*** Block opens ***

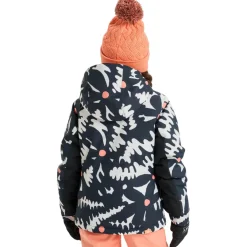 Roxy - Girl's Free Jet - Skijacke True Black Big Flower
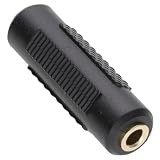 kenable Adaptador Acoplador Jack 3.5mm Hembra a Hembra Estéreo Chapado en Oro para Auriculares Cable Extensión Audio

*** Block closes ***
*** Block opens ***

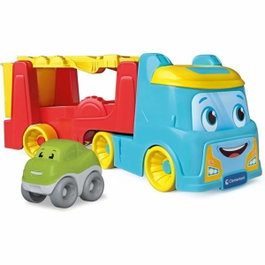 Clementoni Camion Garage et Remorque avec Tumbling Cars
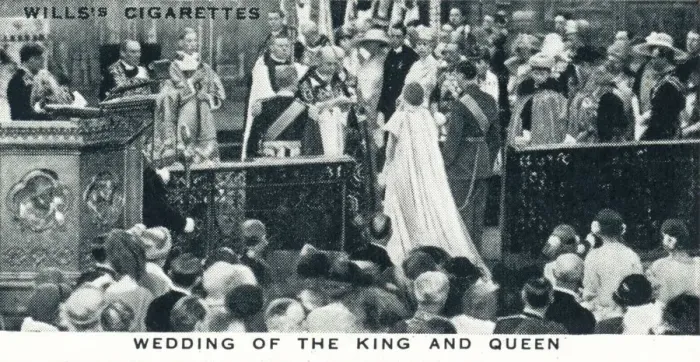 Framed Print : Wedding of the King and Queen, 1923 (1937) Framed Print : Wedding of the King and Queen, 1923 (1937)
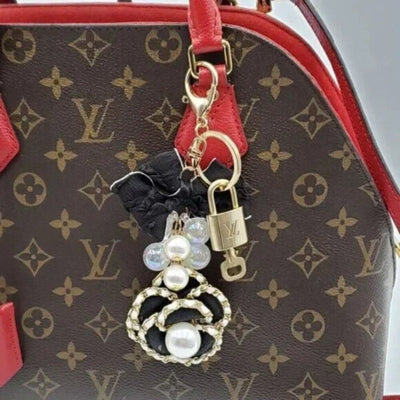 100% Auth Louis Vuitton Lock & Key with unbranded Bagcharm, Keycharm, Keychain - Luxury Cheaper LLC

*** Block closes ***
*** Block opens ***

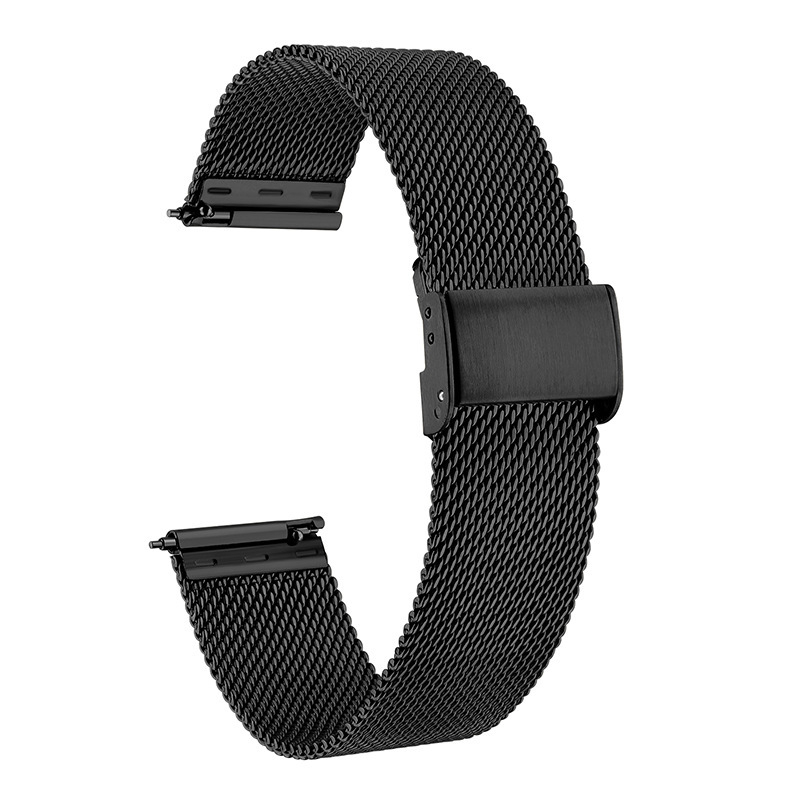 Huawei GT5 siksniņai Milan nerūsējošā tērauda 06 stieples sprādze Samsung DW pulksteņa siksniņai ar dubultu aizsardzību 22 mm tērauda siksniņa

*** Block closes ***

§ Exercise objective: Among the records above, locate the line containing "1923 (1937) Framed" and the line containing "100% Auth Louis", then transcribe exactly the lines starting at the first and ending at the second, with no pictures.

§ Response box:
 Framed Print : Wedding of the King and Queen, 1923 (1937) Framed Print : Wedding of the King and Queen, 1923 (1937)
 100% Auth Louis Vuitton Lock & Key with unbranded Bagcharm, Keycharm, Keychain - Luxury Cheaper LLC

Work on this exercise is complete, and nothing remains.